I am bloody terrible at homeschooling, but tonight seemed the perfect opportunity to hop in our van and take my kids on a Black history field trip. Unfortunately it’s one that isn’t on the curriculum.
On our way I told them about how our home city was built on money made from slave trading. I explained to them what a slave was. We listed all the places we knew of with Colston’s name. We talked about abolition. We talked about what an important day it was, both for Bristol and the Black Lives Matter movement.
We joined the 100 or so people socially distancing and holding vigil or just passing by the empty plinth where he once looked down on us all, and talked systemic racism both here and in the USA and listened to conversations. We read the placards, my daughter added her own, and we said the names of those killed by police brutality written on them. The only troublemakers around were two drunk topless blokes shouting “All lives matter!
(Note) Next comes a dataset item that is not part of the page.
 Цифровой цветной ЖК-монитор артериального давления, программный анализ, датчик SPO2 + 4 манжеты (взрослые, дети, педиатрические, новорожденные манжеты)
White lives matter!”, flipping the Vs at young Black people, their red faces full of anger.
Apart from that it was a safe, content space of reflection. Although I didn’t go on the protest I am so glad I took them down there to experience the calm of the aftermath.


We then followed the chalk-like bronze scrape-lines to the harbourside and to Colston’s last watery resting place, and talked about Bristol’s history and what should happen to the statue now. They both think he should be dredged up, put in a museum and used to teach all children who go there about how terrible slavery was, and to remember what happened today.
I have learnt a lot in 2020; today I learnt that we have a lot to learn from kids, because mine just can’t get their heads around the stupidity of racism, the protection of the perpetrators of police brutality and erecting a statue to a slaver.